### THE TASK
Your answer must be a word-for-word copy of the listing below, minus its pictures.

====== DATASET SECTION ======

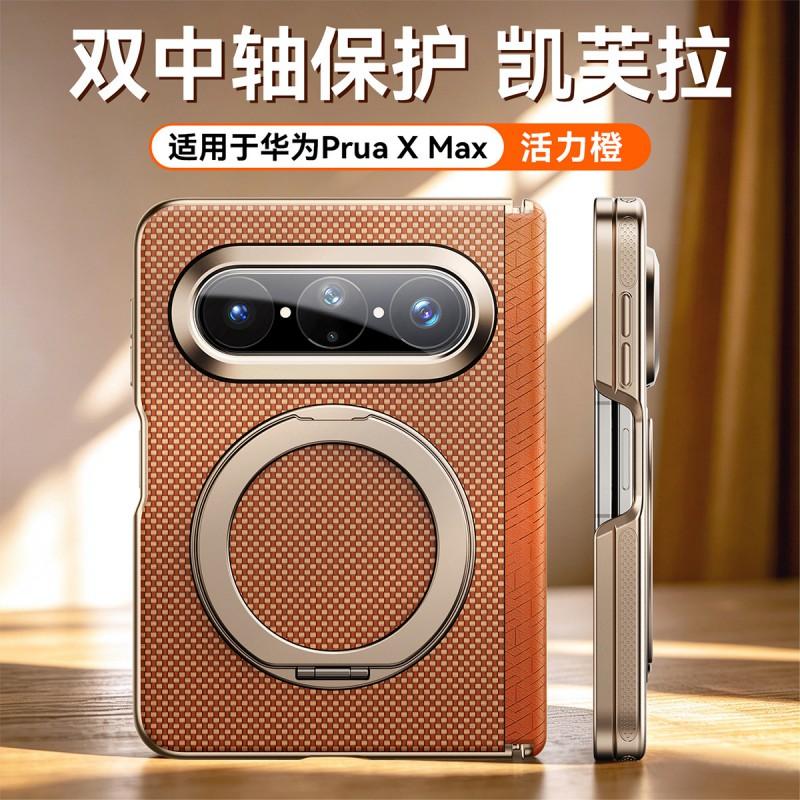 Kevlar Foldable Phone Case With Magnetic 360 Rotating Stand Central Axis Protection Pura X Max
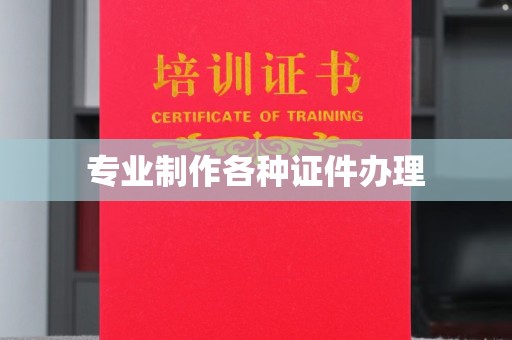 普定专业制作各种证件办理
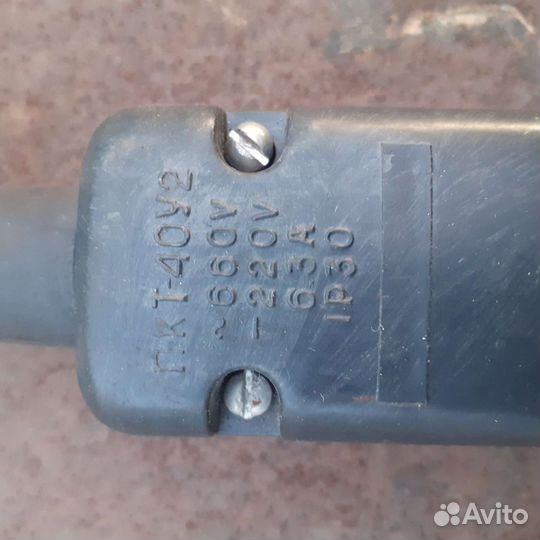 Пульт управления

======

### SOLUTION
 Kevlar Foldable Phone Case With Magnetic 360 Rotating Stand Central Axis Protection Pura X Max
 普定专业制作各种证件办理
 Пульт управления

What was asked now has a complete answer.